▶ WHAT TO WORK ON
Please tally the lines of the listing that hold the string "Chevrolet", and reply with that total only.

▶ AVAILABLE DATA
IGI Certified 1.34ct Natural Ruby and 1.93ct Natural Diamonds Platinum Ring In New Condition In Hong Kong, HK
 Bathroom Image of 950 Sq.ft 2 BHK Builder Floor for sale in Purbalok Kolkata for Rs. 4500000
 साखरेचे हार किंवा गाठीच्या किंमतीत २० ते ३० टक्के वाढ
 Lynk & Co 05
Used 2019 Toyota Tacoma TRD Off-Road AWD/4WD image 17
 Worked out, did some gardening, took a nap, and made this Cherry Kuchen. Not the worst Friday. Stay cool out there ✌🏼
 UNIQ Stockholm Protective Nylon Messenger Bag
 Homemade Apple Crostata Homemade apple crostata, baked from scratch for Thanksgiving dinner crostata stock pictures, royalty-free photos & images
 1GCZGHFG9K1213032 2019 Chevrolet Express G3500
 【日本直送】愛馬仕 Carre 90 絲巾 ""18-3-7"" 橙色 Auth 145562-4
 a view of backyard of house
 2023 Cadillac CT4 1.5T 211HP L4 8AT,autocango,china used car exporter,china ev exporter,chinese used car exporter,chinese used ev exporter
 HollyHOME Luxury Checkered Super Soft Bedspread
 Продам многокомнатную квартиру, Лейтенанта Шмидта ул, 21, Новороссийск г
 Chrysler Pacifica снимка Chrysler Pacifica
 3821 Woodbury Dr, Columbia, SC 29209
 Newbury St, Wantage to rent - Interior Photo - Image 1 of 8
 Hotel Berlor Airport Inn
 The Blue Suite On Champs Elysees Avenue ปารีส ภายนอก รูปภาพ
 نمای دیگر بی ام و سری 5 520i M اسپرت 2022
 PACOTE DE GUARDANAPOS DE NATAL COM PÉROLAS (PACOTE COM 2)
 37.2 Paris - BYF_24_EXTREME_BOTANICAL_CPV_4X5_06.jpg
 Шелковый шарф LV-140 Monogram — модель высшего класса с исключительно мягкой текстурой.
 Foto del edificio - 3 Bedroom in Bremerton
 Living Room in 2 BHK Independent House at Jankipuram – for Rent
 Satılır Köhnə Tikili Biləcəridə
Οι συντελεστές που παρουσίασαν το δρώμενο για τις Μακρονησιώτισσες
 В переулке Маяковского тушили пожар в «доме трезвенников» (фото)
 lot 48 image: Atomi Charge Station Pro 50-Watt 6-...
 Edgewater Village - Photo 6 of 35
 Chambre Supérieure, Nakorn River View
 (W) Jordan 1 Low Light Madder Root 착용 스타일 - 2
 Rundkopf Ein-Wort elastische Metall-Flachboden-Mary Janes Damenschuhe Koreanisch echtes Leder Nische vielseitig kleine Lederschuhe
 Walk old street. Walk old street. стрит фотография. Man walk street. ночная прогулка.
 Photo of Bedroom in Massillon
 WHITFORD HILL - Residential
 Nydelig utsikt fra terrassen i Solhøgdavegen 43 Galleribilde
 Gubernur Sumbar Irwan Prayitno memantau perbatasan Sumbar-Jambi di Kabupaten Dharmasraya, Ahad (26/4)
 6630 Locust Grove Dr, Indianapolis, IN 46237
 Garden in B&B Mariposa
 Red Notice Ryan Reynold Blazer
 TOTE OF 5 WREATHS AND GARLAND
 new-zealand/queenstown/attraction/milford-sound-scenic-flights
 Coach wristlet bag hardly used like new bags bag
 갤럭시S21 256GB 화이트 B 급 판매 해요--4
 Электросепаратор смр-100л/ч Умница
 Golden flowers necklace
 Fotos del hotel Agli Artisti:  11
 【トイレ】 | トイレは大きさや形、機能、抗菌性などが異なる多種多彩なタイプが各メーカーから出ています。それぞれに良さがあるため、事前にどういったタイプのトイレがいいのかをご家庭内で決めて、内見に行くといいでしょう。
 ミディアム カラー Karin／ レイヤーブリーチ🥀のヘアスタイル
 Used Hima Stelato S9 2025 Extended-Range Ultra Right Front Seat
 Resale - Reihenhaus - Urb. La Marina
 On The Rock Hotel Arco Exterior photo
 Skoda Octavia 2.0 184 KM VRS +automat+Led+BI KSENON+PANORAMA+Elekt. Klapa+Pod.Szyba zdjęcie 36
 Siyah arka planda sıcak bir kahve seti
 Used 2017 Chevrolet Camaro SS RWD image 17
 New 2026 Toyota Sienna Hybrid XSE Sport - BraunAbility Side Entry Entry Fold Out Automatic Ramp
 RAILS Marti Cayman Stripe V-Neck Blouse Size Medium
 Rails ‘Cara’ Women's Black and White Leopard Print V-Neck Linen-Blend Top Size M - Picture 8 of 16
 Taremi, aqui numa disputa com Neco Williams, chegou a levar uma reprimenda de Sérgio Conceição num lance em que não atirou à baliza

▶ RESPONSE BOX
2